Improved API Tokens #32

mdtro · 2022-10-27T17:27:36Z

Improved API tokens to provide customers an easier means of detecting accidentally leaked secrets by integrating with Github's Secret Scanning Service and other static analysis tools.

Rendered RFC

text/0032-improved-api-tokens.md

misha-sentry · 2022-10-27T20:20:27Z

a few questions:

"Verify the legacy token is valid/invalid" - are you just checking if its expired or not?
For legacy tokens, you are proposing to store it in a hashed format, and will you also have it prepended with the token type identifier?
What backwards compatibility issues need to be considered for making changes to the frontend (ie. not displaying the token after the one time after it is created)?

mdtro · 2022-10-27T22:33:44Z

@misha-sentry

"Verify the legacy token is valid/invalid" - are you just checking if its expired or not?

This would be our standard verification. For example, does the token exist and is it not expired?

For legacy tokens, you are proposing to store it in a hashed format, and will you also have it prepended with the token type identifier?

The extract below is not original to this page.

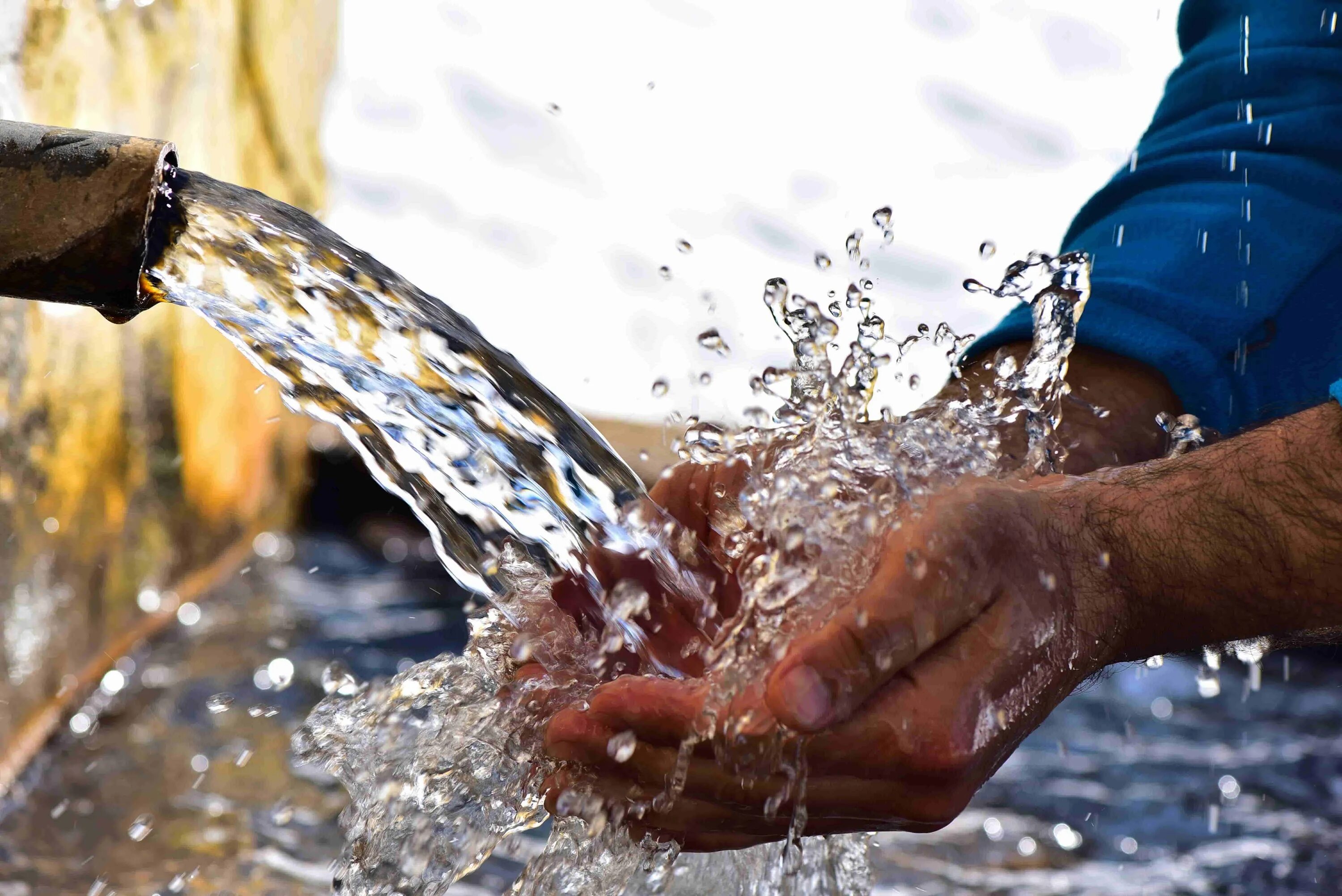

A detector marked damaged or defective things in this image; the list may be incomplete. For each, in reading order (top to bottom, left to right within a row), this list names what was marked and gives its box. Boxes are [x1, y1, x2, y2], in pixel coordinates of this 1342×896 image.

rusty pipe end [0, 119, 176, 322]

Only the hashed format. The plaintext token value that would contain the prefix would not exist in the database.

What backwards compatibility issues need to be considered for making changes to the frontend (ie. not displaying the token after the one time after it is created)?

We deploy frontend and backend separately. Deploying both at the same time is high risk since rollouts happen gradually.
Instead, we'll have to figure out a path where they can each be deployed separately without breaking each other. I'll need to partner with the engineering teams to figure that one out.

ghost

Please feel free to ack and resolve any of my ideas that have more cost than benefit.
Similarly if they're founded on my own ignorance or misapprehension :)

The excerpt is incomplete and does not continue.